THE PROBLEM: Give back the listing in full and exactly, leaving out the images.

GIVEN INFORMATION:

*****

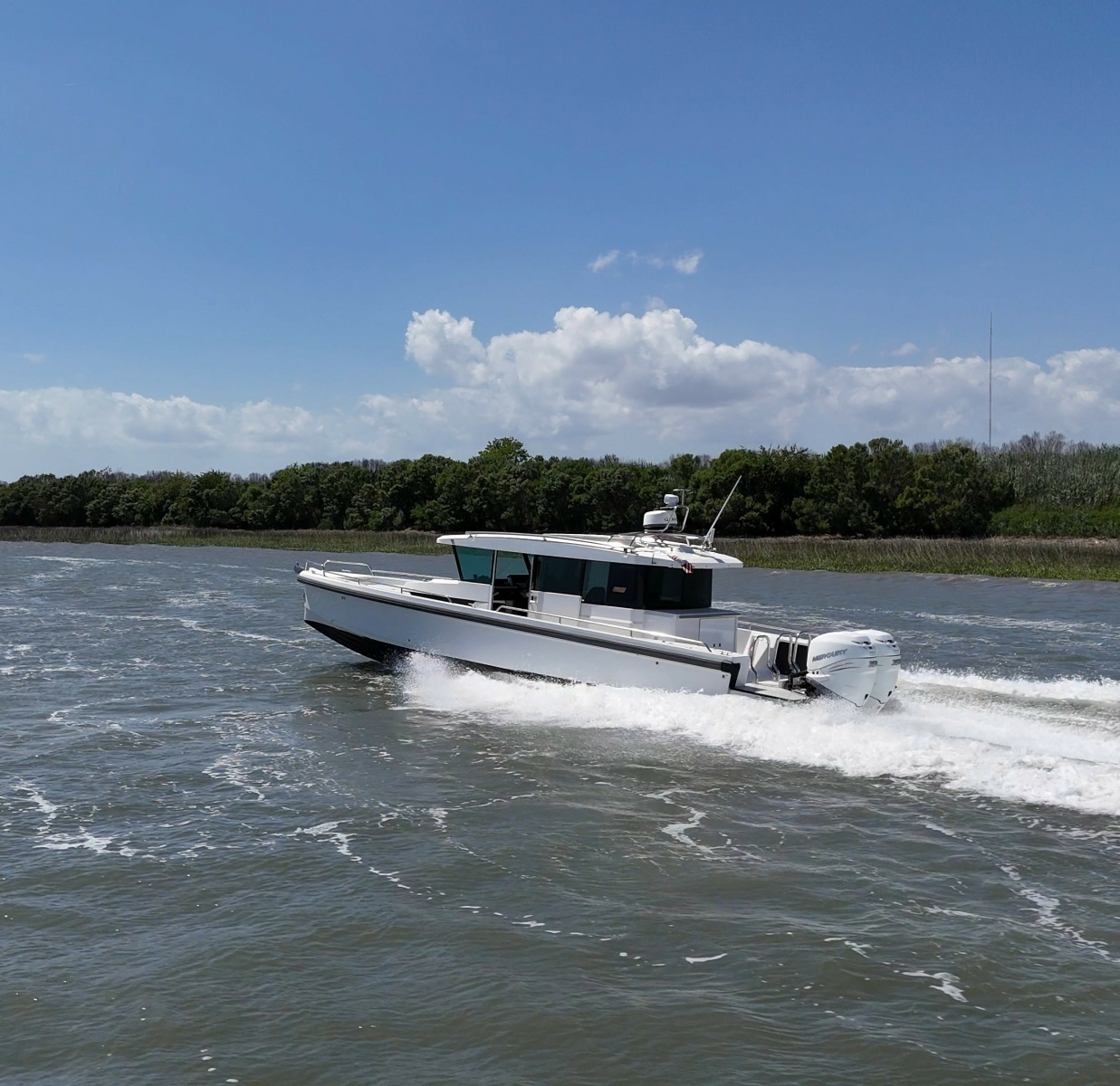 2019 Axopar 37 XC Cross Cabin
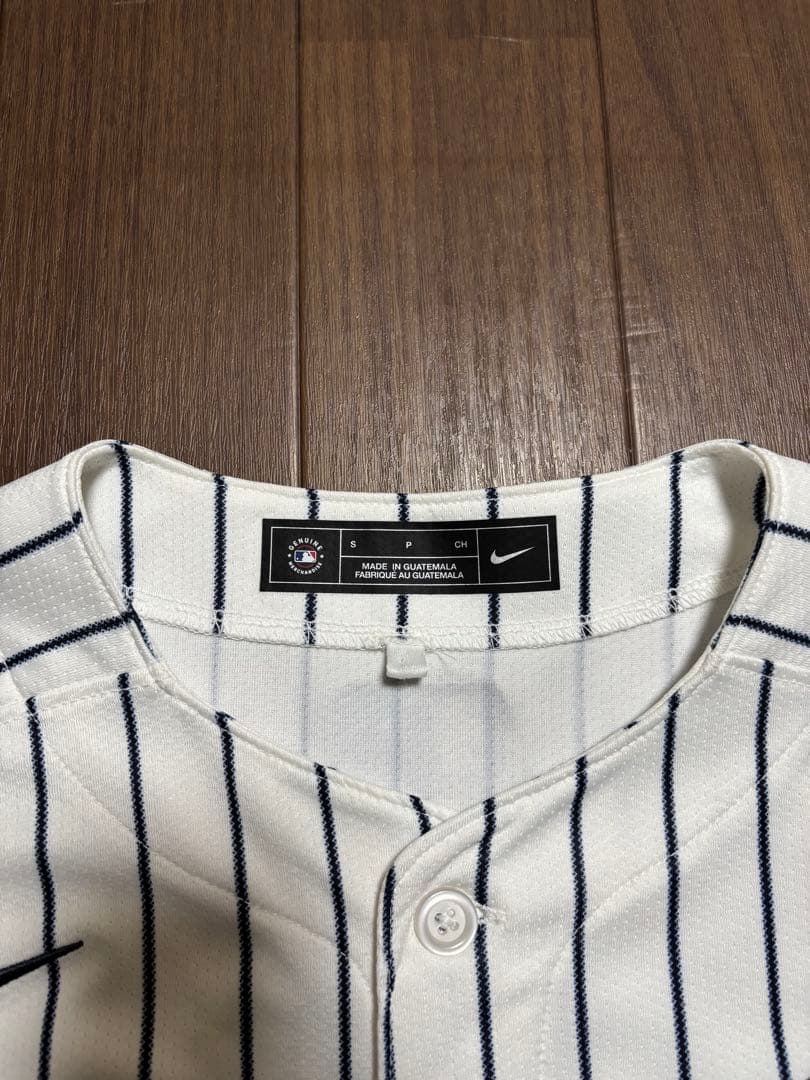 ヤンキース ジーター　リミテッドユニフォーム2025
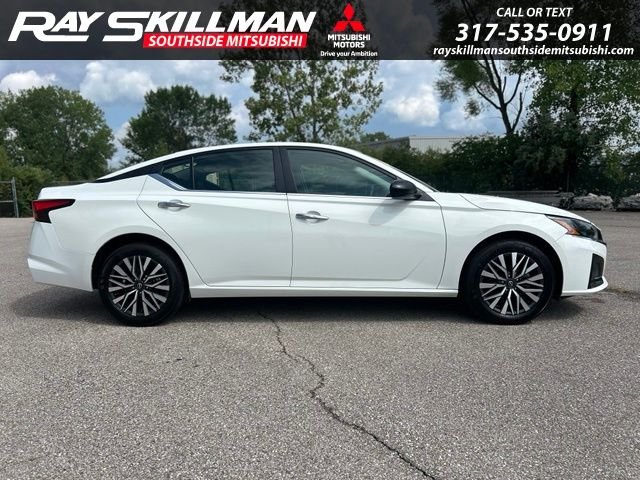 Used 2025 White Nissan 2.5 SV image 4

*****

EXPECTED ANSWER:
 2019 Axopar 37 XC Cross Cabin
 ヤンキース ジーター　リミテッドユニフォーム2025
 Used 2025 White Nissan 2.5 SV image 4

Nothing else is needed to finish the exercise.